╭──
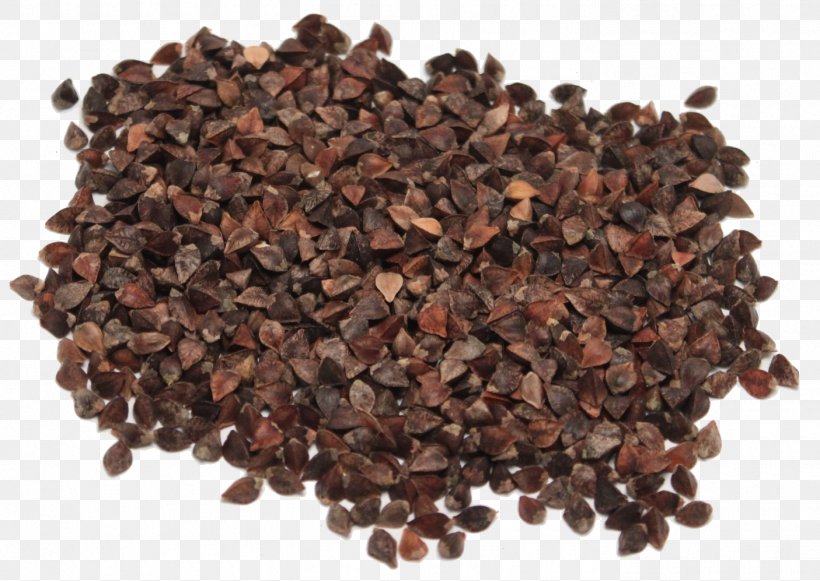 Buckwheat Seed Cocoa Bean Bird, PNG, 1405x997px, Buckwheat, Acid, Amino Acid, Bean, Bird Download Free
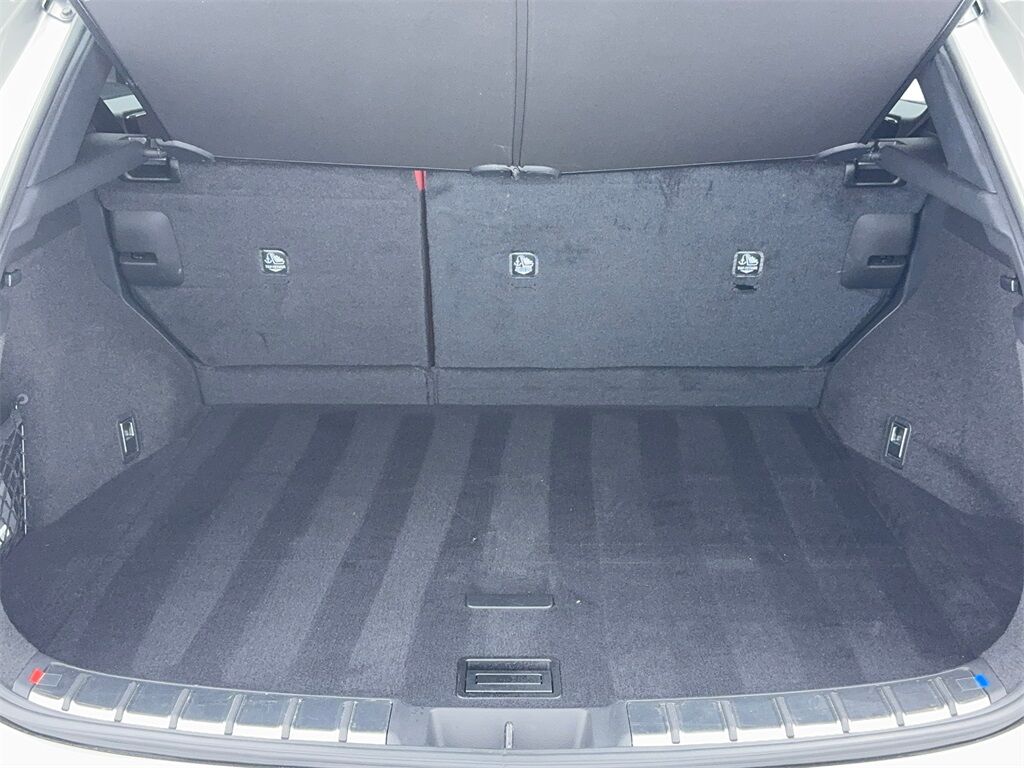 2024 Lexus NX 350 F SPORT Handling NAV,CAM,SUNROOF,CLMT STS,HEAD Plano TX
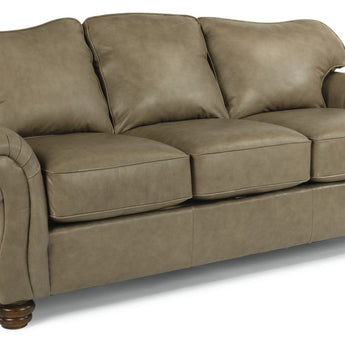Bexley - Sofa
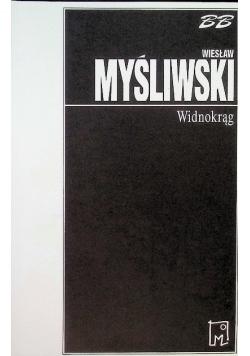 Widnokrąg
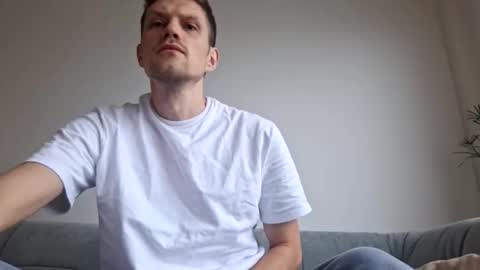 Snapshot of polsenos chatting on February 13, 7:48 am polsenos online show from February 13, 7:48 am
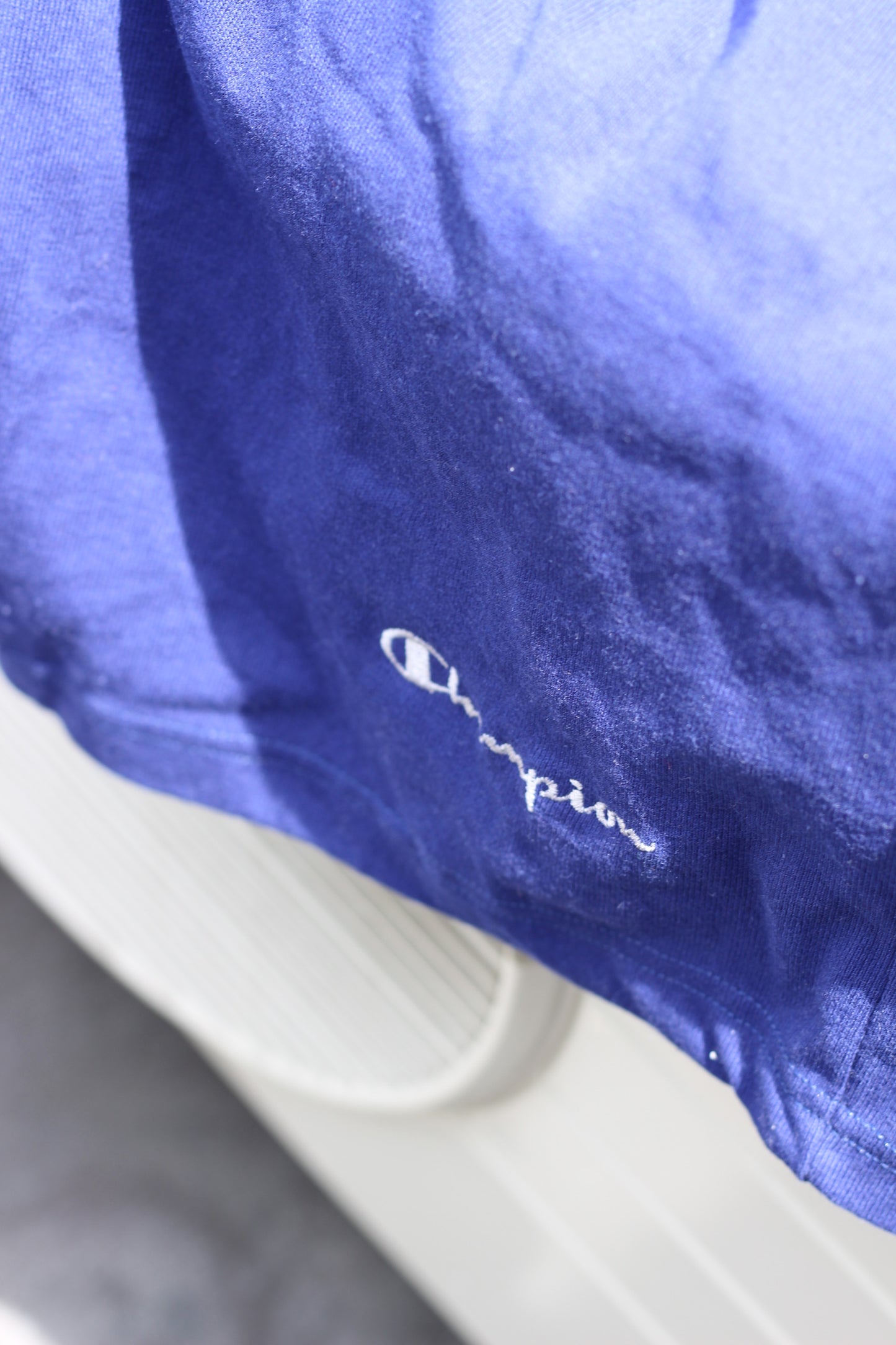 Adidas & Nike Track Pants x5点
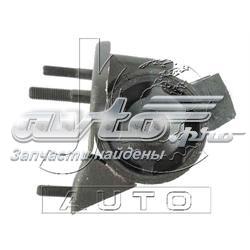 I52019 Japan Cars подушка (опора двигуна, задня (сайлентблок))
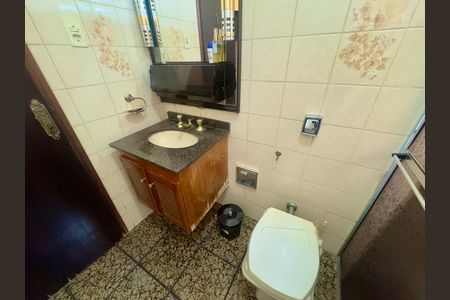 Casa para alugar com 250m², 2 quartos e 2 vagas Casa para alugar com 250m², 2 quartos e 2 vagasBanheiro 3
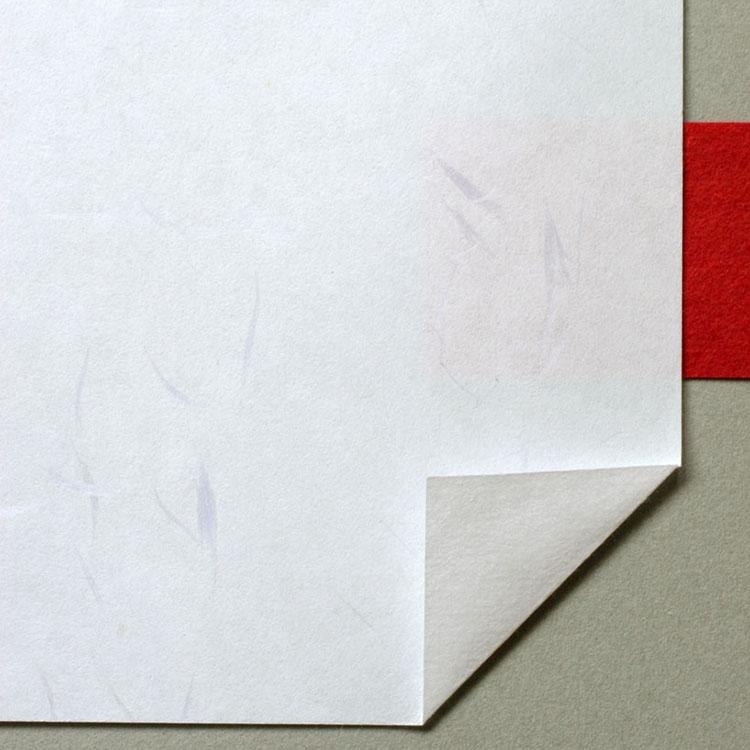 Onao様用 大直（ONAO） コピー用紙 和紙 a4 白 徳用大礼紙 100枚入 業務用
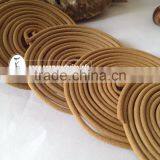 Willing To Supply A Large Order Vietnam High Standard Oud (Oudh) Incense Coils/ Agarwood Incense thumbnail-1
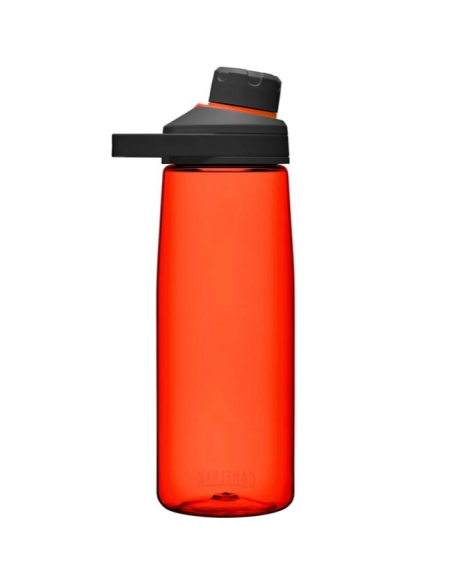 CAMELBAK Tritan™ Renew Chute Mag Matara 750 ml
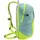 Deuter Speed Lite 21 jade/citrus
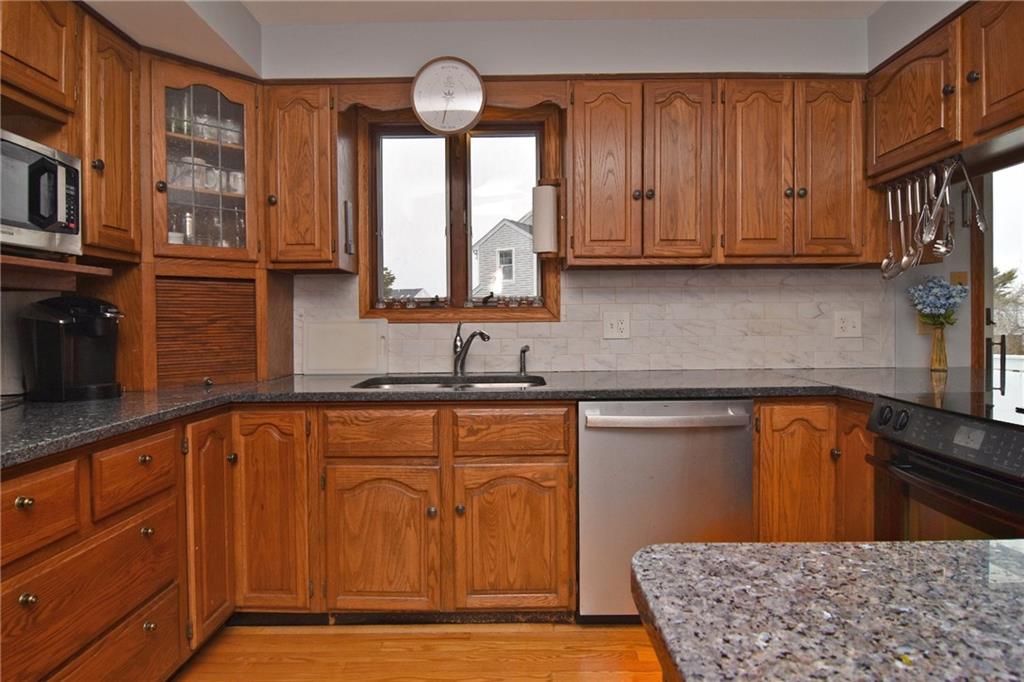 151 Shore Road, Narragansett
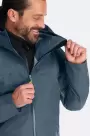 Куртка GORE-TEX® Namche Фото для Куртка GORE-TEX® Namche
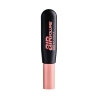 L'Oreal Paris Air Volume Mega Black Mascara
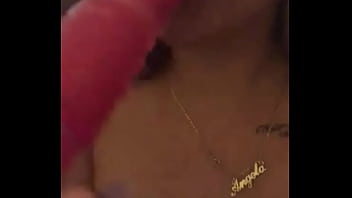 Khemisset Sex Tiflet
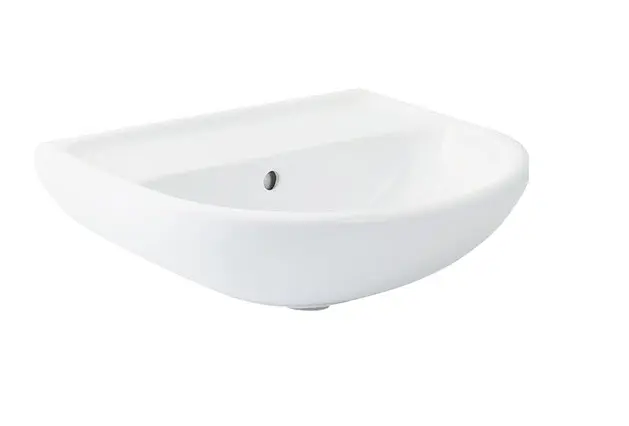 Jika - Lyra plus - Mosdó - H8143840001091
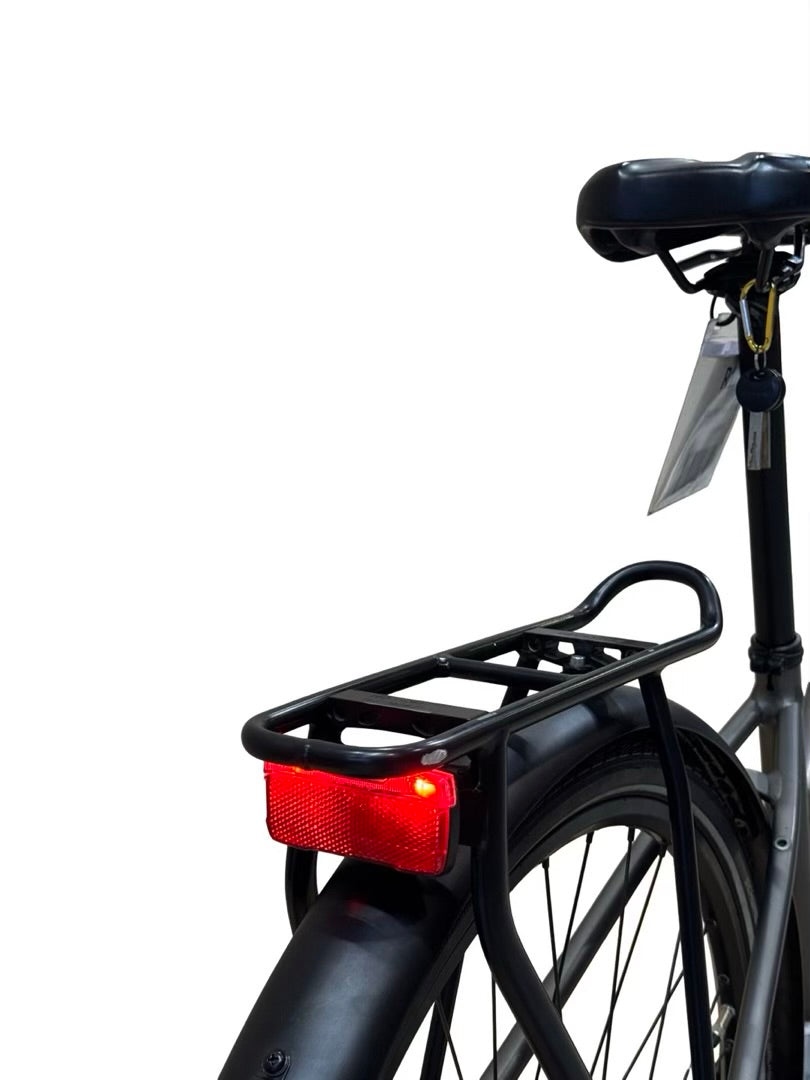 Focus Planet² 5.9 E-Bike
╰──
The answer is those lines of the material above that run from the one containing "Snapshot of polsenos" up to and including the one containing "Khemisset Sex Tiflet", restated exactly and without images.

* [ANSWER TO THIS EXERCISE]:
 Snapshot of polsenos chatting on February 13, 7:48 am polsenos online show from February 13, 7:48 am
 Adidas & Nike Track Pants x5点
 I52019 Japan Cars подушка (опора двигуна, задня (сайлентблок))
 Casa para alugar com 250m², 2 quartos e 2 vagas Casa para alugar com 250m², 2 quartos e 2 vagasBanheiro 3
 Onao様用 大直（ONAO） コピー用紙 和紙 a4 白 徳用大礼紙 100枚入 業務用
 Willing To Supply A Large Order Vietnam High Standard Oud (Oudh) Incense Coils/ Agarwood Incense thumbnail-1
 CAMELBAK Tritan™ Renew Chute Mag Matara 750 ml
 Deuter Speed Lite 21 jade/citrus
 151 Shore Road, Narragansett
 Куртка GORE-TEX® Namche Фото для Куртка GORE-TEX® Namche
 L'Oreal Paris Air Volume Mega Black Mascara
 Khemisset Sex Tiflet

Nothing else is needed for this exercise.